Traveling with your group is a fantastic opportunity to see the world through music.  The bonding that occurs on all trips is incredible.  Your students will create lifelong memories while seeing you as a human being rather than just their music teacher.  There is nothing more spectacular for students than seeing their director’s prideful poolside strut as he adorns a Speedo for all to see, unaware of the fact that his once mildly firm six pack has morphed into a full-blown keg.  Fortunately, Dad bods are in!

Lessons and Summer Camps

This is a game changer!  Nothing will impact your program more positively than providing private lessons and summer camp experiences for your students.  Every student in our top concert ensemble and top jazz band studies privately.  We also send 25 kids annually to summer music camps.  Supporting our students financially is no easy task, with approximately 50% of our student body living below the poverty line.  We are fortunate to have terrific support from our parent booster group’s fundraising, alumni, and generous donations from successful businesses that have become very good friends of our program.

Some Rants!

If you earned your bachelors degree in music education more than a decade ago and have not stayed in one place more than two years, this profession is not for you.  Go get your masters and doctorate in conducting from some small college.  Then tell future music educators about all the great work you did when you pretended to lead a program.  Truly leading a fine music program takes about a decade to learn and more years to master.  If you want to direct a college wind ensemble because you possess incredible knowledge of advanced wind literature combined with aesthetically pleasing and artistic conducting, please move quickly from this profession.  That’s not what we do.  We chop wood and carry water every day.  This job is demanding, difficult, time-consuming, and so important to our students, parents, school, and community.  Leading a music program is not a profession. It is a calling; an insane, incurable, wonderful calling.

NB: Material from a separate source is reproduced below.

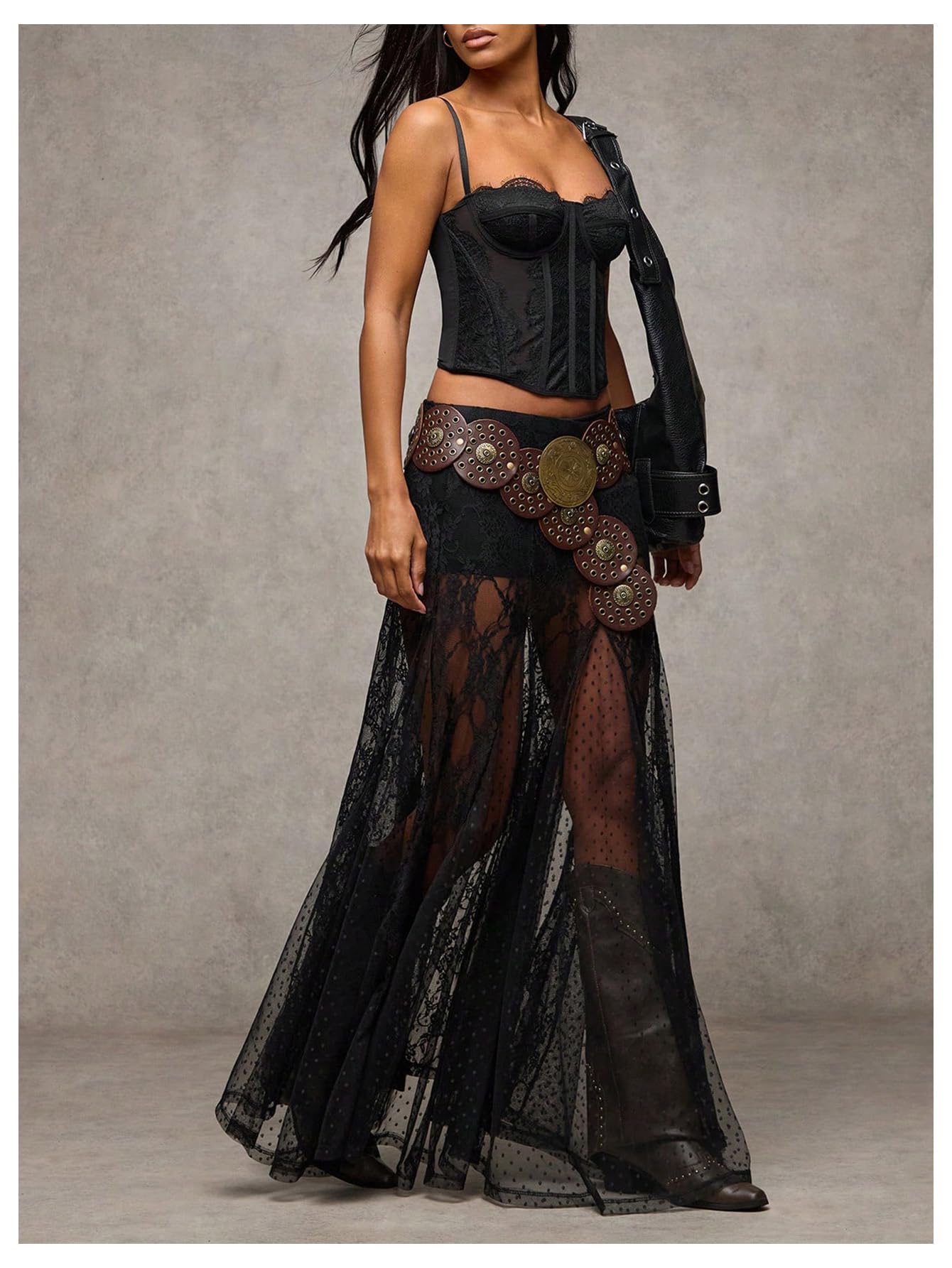 WDIRARA Women's Sexy See Through Sheer Lace Maxi Skirt Low Waist Ruffle Hem A Line Flowy Skirt Black Small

  • If your students are not achieving success on their instruments, yet you are presenting your wonderful ideas at conferences, your ideas aren’t working.
  • Your marching band should not play literature on the field your concert group can’t play sitting down.
  • If you have a master’s degree in conducting yet know nothing about jazz, you might want to pass on that conducting conference next summer and get a bit more balance in your musical training.
  • Every dollar you spend on marching band is money you cannot provide for private lessons, summer music camps, or guest conductors.  When I realized this fact, it changed our program.
  • Your dream job is the one you have.  If you’re looking for a better situation you’re not making the situation you have better.  Create the program you want.
  • Listen to great music and attend concerts often.  Some of my favorites include Billy Joel, Supertramp, Eagles, Chicago, Maynard Ferguson, Buddy Rich, Count Basie, Thad Jones, Miles Davis, Diana Krall, Esperanza Spaulding, Tchaikovsky, Beethoven, Bernstein, John Rutter’s Requiem, and of course Haley Reinhart.

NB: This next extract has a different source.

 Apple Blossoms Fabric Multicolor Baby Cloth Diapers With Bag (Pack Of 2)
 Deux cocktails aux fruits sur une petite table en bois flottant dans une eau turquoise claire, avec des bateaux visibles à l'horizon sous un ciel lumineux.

All the best to my fellow music educators as you change young lives with your love and knowledge of music.  Treat every student as if they are the child of your boss.  Treat every note as if it is the final sound of your greatest symphony.  Thank you to my family, friends, teachers, mentors, parents, administrators, cool travel companies (BRT), and especially the students who shaped my career as a music educator, so far.  I sincerely hope the next 33 years are as exhilarating as the past 33.


Brian Logan is Director of Bands at Wheeling High School, Wheeling, IL.  In recent years Mr. Logan’s jazz ensembles have performed at the Midwest Clinic three times and twice at the Montreux and Umbria Jazz Festivals.  Mr. Logan led the Wheeling HS Wind Symphony to their fourth Music for All National Concert Band Festival appearance, March 2016.  Mr. Logan is a contributing author in the GIA Publication “Jazz for Beginning Jazz Ensembles” and was awarded the Illinois Chapter 2016 Phi Beta Mu Outstanding Bandmaster of the Year.